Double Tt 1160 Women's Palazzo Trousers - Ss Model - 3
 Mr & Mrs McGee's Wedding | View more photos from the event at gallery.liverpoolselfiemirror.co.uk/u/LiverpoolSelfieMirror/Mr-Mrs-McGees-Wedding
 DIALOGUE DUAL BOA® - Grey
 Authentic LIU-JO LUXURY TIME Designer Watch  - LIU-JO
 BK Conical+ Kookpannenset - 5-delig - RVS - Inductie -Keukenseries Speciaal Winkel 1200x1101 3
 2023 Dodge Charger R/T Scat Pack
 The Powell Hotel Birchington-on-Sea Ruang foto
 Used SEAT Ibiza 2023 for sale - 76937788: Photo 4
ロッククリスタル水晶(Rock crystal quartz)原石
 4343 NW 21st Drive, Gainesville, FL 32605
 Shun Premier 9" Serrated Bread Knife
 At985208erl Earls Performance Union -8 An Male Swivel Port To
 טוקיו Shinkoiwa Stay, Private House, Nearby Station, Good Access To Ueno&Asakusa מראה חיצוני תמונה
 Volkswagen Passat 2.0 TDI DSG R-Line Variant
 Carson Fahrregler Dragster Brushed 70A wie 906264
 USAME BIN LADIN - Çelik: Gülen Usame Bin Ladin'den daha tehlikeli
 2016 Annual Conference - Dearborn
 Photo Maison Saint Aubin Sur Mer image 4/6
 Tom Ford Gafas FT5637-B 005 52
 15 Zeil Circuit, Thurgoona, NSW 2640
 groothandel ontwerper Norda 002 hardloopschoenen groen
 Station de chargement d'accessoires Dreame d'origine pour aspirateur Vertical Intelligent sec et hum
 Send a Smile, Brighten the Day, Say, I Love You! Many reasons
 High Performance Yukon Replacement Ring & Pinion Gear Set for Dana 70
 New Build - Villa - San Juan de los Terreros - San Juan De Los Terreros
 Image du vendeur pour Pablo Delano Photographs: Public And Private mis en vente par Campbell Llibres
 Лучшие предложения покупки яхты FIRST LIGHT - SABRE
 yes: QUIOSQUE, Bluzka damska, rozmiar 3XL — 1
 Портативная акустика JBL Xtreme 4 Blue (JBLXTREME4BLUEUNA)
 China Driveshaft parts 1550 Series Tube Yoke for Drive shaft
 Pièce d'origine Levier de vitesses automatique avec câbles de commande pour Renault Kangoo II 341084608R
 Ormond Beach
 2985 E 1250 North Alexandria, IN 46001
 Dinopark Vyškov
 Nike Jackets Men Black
********************
**WORK REQUIRED**
From the material above, copy exactly the lines between the line holding "Image du vendeur" and the line holding "China Driveshaft parts", inclusive, and only those.

**EXERCISE OUTPUT**
 Image du vendeur pour Pablo Delano Photographs: Public And Private mis en vente par Campbell Llibres
 Лучшие предложения покупки яхты FIRST LIGHT - SABRE
 yes: QUIOSQUE, Bluzka damska, rozmiar 3XL — 1
 Портативная акустика JBL Xtreme 4 Blue (JBLXTREME4BLUEUNA)
 China Driveshaft parts 1550 Series Tube Yoke for Drive shaft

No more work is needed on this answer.